The Government also put its money where its mouth was on electronic commerce. It agreed to underwrite a €76 million high-speed, high-capacity telecommunications cable to the US and Europe, allowing electronic commerce companies to transmit huge volumes of data at a reasonable cost.
Some analysts said the move was an inspired one. They saw it as a huge declaration of intent - the modern-day equivalent of the IDA's 1970s strategy of buying up industrial land and presenting multinational investors with ready-made factories.
Electronic commerce now represents a cornerstone of industrial strategy, and this early faith has already been rewarded; in the last 10 weeks alone, Novell, Oracle and ICL have between them announced close to 1,000 new jobs in e-commerce.
This burgeoning sector contrasts with the bleak outlook for more traditional industries, such as clothing and textiles, where lower wage costs in developing countries are attracting many manufacturers. The IDA's view is not just that it should roll with the punches, but that it should embrace the change.
"There is no option," one executive said this week. "A company that misses the e-commerce boat will lose out in a major way, like the companies that missed out on selling to the European Union. If you decide e-commerce is not for you, you are living in a dreamworld."
A constant fear for policy-makers is that the current boom will prove unsustainable, that the economy will be unable to supply enough skilled workers to feed demand.
A relative scarcity of software engineers - companies willing to pay market rates have little trouble recruiting - remains an issue in the economy. But industry insiders say several factors are now boosting supply.
Firstly, over the next two years, several thousand technology students will graduate from the extra courses set up by the Government. Secondly, a veritable army of "Y2K millennium bomb" specialists will be available from work - in theory at least - from January 1st. Thirdly, despite the high cost of housing and other quality-of-life issues, many skilled Irish and foreign people are re-locating here from abroad.

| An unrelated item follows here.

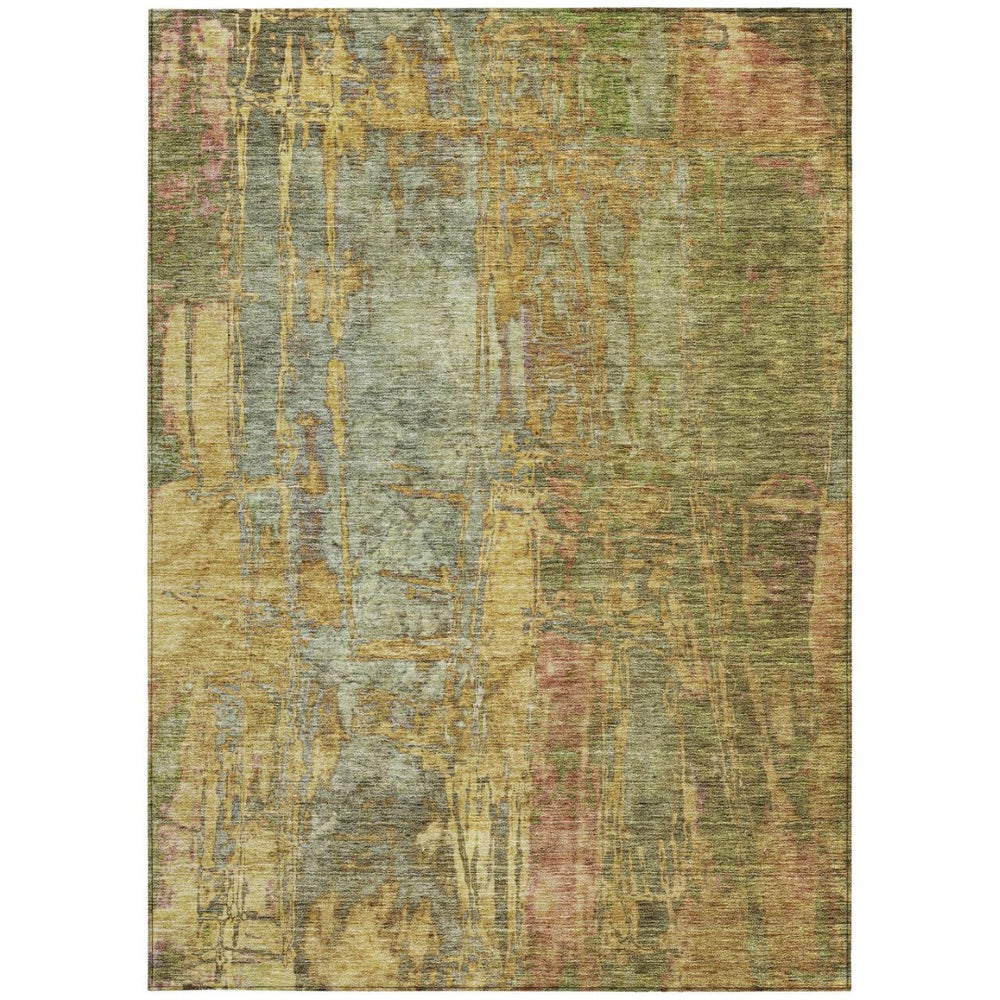 HomeRoots 9' X 12' Stylish Artichoke Green & Gold Abstract Rug – Washable, Stain-Resistant for Indoor/Outdoor Use 639735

There is another, unpublicised foundation block of the new Irish industrial strategy. While Ministers, in particular the Tanaiste Ms Harney, have been relentless in their encouragement of individual citizens to upgrade their skills, the IDA has targeted managers.
"It is very easy for a manager of a plant in Ireland to keep head office happy, keep hitting the targets, but not do much else. The big challenge is to move the operation here up the corporate value chain," an IDA source said this week.
The agency now devotes half its time to running development programmes for Irish managers. These men and women are encouraged to go to headquarters and persuade the corporation to add a research and development facility, or to make the Irish operations a centre for certain functions. The IDA backs such endeavours to the hilt, with formal guarantees of resources.
This strategy saves the Government money, time and effort. It means that to sustain the current level of employment, development agencies require fewer grants and less world travel.
It also means that over a period the workforce in companies based in the Republic should become more and more skilled, and play a role closer to the heart of operations. Under these circumstances, with quite deep roots in the State, it becomes far more difficult for even a large multinational to simply switch off the lights in a facility and walk away.
One executive summed up the shift in policy thus: "If you want sustainable growth, you need to manage change."